Call to launch office sites to avoid supply crunch

19 May 2010

Time is ripe for the Singapore government to release additional sites for office development in the H2 2010 Confirmed List to prevent a potential supply crunch, according to some property consultants.

While others think these new office sites must be launched in prime CBD areas like Marina Bay, some analysts suggest the government should also look at city-fringe sites and land near the Jurong East and Paya Lebar MRT Stations, which has been identified for development into new commercial centres.

“We’ll need to be ahead of the curve by getting land through the confirmed list in H2 2010, bearing in mind that it can take up to four years from inception to completing a new building,” said Moray Armstrong, CB Richard Ellis executive director of office services.

“We could be facing a relative shortage of new office space completion in 2013-2014, assuming the current surge in positive occupier demand continues. Slightly more than 50 per cent of the 5 million sq ft-plus of Grade A new office space completing in 2010-2012 is already pre-let.”

“Strong Singapore GDP growth anticipated this year will underpin continued healthy take-up to 2011 and 2012. There are lots of positive employment pointers leading to expansion in office demand. Banks are recruiting vigorously, especially in the private wealth and asset management sectors,” he added.

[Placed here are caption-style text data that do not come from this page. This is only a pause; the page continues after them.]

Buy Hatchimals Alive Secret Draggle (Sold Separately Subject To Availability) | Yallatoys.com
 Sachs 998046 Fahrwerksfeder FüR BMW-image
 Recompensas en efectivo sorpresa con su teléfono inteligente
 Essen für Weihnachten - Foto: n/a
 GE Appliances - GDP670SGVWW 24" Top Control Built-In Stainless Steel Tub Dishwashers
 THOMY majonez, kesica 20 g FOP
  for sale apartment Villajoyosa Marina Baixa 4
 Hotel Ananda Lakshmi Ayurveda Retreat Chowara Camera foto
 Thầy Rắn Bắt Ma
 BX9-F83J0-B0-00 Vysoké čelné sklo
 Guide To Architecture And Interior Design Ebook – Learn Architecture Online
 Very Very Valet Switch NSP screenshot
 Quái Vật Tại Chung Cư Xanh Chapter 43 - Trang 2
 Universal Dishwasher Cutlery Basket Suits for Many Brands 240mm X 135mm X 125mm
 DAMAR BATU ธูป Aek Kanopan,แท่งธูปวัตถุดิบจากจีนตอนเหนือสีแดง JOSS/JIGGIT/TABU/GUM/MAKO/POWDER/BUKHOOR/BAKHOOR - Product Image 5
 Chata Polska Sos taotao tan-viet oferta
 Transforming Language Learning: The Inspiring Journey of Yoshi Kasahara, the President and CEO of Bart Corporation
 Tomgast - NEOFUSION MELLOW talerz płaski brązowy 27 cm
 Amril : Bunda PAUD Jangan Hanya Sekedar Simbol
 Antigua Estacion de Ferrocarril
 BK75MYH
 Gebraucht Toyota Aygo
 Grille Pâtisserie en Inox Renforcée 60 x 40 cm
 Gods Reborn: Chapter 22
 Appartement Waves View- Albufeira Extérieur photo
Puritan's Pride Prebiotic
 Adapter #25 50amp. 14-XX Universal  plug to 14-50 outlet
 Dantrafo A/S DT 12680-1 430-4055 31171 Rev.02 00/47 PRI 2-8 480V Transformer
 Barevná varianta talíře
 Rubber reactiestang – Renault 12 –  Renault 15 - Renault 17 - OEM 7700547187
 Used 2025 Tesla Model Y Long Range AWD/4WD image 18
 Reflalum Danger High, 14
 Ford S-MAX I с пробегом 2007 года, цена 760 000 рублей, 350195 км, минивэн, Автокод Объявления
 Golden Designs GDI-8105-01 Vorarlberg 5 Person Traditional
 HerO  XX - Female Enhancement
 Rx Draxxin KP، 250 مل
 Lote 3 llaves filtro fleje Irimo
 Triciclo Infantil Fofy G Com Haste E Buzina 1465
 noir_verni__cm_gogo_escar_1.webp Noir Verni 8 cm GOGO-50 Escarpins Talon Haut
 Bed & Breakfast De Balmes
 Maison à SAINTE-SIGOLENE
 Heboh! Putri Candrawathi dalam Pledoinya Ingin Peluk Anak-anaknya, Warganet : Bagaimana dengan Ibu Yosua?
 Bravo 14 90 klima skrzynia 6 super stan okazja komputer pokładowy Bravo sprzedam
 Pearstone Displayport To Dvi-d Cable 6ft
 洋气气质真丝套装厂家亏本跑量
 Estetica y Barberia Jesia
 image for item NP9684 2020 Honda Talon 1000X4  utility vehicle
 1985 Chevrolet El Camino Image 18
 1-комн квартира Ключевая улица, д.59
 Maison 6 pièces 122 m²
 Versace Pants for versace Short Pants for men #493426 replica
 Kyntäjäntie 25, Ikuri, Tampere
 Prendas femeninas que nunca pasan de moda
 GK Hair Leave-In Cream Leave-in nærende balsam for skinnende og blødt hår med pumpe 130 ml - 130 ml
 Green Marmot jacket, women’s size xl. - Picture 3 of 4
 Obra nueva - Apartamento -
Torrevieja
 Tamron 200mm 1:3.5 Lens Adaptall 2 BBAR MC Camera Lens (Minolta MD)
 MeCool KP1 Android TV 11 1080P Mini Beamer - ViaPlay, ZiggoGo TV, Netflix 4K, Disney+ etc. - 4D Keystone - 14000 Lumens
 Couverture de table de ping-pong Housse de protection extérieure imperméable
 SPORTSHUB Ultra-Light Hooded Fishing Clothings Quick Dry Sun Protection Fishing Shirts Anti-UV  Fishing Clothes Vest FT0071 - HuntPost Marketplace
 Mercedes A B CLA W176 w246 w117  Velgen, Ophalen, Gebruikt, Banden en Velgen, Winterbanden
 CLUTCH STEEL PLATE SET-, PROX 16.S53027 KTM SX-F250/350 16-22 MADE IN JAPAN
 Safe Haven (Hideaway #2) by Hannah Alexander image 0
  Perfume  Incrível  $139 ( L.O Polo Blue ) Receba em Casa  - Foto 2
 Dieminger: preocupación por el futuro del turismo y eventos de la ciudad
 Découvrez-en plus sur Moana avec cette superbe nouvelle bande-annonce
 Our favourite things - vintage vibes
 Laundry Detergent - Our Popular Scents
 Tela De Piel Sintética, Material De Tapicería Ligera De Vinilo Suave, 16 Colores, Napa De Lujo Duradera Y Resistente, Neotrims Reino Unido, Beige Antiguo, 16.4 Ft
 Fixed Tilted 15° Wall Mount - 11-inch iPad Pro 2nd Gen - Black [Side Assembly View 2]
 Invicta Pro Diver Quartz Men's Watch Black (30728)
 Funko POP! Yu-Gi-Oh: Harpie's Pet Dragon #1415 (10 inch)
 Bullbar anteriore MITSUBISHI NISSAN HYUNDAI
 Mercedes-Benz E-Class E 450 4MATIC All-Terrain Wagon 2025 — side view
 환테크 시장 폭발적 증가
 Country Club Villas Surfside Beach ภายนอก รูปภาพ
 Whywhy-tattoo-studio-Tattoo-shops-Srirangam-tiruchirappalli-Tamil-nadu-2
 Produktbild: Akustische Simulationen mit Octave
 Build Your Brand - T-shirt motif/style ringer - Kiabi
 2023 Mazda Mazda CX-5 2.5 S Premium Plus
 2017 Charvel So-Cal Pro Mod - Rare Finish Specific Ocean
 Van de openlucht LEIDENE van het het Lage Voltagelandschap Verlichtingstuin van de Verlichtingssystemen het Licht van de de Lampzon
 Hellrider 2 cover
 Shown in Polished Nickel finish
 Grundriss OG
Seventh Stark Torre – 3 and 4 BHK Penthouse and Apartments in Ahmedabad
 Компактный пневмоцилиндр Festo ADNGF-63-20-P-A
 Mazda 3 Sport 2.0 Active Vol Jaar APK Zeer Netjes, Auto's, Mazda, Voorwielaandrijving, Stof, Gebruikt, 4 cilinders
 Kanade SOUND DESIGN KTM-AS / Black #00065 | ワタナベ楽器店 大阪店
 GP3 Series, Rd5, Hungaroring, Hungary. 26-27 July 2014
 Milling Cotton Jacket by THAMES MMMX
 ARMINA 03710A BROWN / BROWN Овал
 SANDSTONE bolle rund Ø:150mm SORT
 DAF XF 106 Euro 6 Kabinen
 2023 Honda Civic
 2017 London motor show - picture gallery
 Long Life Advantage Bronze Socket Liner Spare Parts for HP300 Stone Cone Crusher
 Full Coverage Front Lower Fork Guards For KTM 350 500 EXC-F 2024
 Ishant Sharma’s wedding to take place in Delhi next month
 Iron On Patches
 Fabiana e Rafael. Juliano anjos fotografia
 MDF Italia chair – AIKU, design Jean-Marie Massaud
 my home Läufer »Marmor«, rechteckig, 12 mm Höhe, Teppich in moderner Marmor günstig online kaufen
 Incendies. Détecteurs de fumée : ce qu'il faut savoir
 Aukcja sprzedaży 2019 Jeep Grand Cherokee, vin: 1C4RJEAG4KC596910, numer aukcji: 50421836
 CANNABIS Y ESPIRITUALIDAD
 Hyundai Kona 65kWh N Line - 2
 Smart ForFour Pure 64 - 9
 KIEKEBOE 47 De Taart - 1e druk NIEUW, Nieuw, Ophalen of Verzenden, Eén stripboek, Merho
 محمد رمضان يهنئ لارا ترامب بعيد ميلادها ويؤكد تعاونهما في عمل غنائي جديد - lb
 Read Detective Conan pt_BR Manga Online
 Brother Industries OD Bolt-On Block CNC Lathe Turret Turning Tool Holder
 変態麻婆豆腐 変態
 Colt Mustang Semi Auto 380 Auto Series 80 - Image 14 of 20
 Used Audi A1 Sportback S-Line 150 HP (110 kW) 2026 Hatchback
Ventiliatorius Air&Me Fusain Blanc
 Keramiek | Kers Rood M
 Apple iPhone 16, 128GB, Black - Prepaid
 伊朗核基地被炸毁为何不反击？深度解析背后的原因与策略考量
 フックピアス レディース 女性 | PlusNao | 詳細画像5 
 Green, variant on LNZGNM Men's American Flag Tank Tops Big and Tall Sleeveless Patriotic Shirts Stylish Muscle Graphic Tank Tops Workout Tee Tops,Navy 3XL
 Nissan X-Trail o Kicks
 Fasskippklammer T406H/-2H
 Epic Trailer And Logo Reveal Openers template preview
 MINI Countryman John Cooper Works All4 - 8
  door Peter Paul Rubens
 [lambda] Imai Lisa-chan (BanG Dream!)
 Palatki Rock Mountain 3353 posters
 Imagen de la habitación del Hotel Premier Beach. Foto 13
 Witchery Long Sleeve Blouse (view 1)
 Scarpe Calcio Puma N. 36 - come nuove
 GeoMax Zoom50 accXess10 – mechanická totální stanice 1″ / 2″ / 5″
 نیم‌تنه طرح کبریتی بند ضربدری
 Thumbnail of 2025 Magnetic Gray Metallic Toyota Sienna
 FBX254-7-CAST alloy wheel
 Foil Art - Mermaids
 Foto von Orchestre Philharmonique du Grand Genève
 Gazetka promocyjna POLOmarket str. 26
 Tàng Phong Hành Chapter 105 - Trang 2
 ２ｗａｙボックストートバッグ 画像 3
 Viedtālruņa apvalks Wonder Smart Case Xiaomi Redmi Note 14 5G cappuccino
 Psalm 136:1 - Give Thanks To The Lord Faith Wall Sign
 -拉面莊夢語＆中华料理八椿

Angela Tan, head of occupational and development markets at DTZ in South-east Asia, also points out the danger of an escalation in office rents again, if Singapore government does not launch office sites soon as there is a limited number of new large offices completing post-2012. “It’s prudent for government to try and balance business costs as real estate is one of the components of business costs that government can help to contain,” she added.

Most of the office industry players have already declared that office rentals in Singapore have effectively bottomed out in Q4 2009/Q1 2010 and are seeing a 5- to 10-percent increase in Grade A rents this year.

“Forward precommitment rents have probably moved up 15 to 20 per cent above the market bottom in Q4 2009,” said Moray Armstrong, executive director of office services at CB Richard Ellis.